## [What is required]
Report each line of the material below where the word "embedded" can be found.

·····

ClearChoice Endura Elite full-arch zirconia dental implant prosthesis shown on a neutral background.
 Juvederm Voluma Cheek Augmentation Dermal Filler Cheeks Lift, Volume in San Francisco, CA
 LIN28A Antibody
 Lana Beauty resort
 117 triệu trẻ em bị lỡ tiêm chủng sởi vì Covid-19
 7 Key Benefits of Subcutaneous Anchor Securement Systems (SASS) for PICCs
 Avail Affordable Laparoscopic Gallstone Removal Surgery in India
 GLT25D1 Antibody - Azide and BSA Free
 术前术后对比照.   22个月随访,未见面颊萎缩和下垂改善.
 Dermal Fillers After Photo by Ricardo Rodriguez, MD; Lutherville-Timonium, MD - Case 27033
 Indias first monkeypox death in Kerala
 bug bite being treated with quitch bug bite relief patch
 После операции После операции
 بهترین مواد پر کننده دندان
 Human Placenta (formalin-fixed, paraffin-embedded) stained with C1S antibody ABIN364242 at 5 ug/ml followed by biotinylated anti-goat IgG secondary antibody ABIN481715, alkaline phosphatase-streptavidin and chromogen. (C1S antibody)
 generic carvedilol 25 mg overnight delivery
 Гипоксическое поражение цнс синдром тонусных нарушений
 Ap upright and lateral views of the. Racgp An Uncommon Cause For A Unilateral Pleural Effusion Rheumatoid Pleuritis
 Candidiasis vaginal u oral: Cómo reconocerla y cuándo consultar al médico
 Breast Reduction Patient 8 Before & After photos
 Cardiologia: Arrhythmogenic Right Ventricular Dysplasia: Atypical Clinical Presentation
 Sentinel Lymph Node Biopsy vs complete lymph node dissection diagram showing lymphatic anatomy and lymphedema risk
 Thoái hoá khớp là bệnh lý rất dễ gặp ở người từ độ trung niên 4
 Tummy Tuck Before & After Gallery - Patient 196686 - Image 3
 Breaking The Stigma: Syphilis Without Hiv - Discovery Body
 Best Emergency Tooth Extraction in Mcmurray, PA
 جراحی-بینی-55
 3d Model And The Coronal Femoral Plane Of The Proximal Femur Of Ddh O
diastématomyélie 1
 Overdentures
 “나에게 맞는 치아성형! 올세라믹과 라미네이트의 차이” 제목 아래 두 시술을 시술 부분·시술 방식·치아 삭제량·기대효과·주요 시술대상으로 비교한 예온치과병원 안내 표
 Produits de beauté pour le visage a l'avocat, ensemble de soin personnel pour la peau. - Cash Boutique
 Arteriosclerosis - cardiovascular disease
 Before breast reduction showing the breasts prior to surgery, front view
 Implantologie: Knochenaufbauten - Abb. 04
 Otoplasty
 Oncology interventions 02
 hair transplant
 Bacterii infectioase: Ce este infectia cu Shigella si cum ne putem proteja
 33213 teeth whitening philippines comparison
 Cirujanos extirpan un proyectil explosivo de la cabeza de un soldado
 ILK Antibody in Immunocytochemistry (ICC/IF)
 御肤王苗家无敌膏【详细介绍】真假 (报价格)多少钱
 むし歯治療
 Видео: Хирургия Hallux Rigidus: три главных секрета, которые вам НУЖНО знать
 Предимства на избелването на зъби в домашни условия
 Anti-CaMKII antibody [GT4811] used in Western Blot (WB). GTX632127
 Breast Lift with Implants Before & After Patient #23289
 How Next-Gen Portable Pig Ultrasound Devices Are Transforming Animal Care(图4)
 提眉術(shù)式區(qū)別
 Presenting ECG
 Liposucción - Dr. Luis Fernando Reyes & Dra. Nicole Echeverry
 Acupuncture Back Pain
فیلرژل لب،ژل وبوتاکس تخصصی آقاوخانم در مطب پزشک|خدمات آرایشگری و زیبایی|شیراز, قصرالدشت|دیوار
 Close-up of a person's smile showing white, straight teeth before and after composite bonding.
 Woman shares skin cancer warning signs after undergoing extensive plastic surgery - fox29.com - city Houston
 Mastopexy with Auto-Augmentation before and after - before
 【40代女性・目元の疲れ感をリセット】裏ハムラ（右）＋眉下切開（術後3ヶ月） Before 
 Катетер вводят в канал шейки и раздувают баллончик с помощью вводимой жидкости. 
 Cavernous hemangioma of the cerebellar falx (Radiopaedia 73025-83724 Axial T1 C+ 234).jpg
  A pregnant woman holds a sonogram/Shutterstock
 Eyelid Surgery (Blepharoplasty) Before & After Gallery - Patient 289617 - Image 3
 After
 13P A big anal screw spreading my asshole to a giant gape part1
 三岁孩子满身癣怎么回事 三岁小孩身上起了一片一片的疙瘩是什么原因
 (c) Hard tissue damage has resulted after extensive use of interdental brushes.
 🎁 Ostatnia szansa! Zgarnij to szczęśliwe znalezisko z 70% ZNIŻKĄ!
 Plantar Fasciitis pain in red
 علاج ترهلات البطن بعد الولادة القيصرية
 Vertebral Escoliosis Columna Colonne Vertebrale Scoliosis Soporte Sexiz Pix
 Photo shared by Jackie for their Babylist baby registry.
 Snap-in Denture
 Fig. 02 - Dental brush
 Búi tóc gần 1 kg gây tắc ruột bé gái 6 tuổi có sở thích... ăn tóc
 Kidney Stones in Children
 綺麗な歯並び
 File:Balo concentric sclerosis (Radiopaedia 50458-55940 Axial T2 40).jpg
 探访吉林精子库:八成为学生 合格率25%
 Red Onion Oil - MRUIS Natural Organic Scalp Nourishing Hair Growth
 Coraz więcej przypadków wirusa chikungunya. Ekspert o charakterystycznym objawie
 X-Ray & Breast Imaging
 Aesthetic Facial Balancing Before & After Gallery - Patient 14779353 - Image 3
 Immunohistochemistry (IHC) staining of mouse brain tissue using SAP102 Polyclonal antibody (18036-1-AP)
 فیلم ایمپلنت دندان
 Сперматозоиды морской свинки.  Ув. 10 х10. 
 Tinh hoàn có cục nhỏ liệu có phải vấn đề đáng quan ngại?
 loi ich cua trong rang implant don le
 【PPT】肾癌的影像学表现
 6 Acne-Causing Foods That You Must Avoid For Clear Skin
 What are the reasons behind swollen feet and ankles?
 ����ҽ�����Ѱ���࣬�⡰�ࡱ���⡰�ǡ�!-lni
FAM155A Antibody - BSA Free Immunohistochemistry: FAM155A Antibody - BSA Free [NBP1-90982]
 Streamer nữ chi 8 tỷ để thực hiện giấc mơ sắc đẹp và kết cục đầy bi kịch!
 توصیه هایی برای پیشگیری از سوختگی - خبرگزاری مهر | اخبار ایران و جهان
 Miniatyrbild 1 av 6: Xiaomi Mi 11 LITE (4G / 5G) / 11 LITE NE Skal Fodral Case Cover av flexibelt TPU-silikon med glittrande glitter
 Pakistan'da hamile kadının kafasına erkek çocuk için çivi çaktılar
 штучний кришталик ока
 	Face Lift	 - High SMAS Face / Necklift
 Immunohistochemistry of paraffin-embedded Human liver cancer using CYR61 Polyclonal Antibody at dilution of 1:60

·····

## [Response area]
 Human Placenta (formalin-fixed, paraffin-embedded) stained with C1S antibody ABIN364242 at 5 ug/ml followed by biotinylated anti-goat IgG secondary antibody ABIN481715, alkaline phosphatase-streptavidin and chromogen. (C1S antibody)
 Immunohistochemistry of paraffin-embedded Human liver cancer using CYR61 Polyclonal Antibody at dilution of 1:60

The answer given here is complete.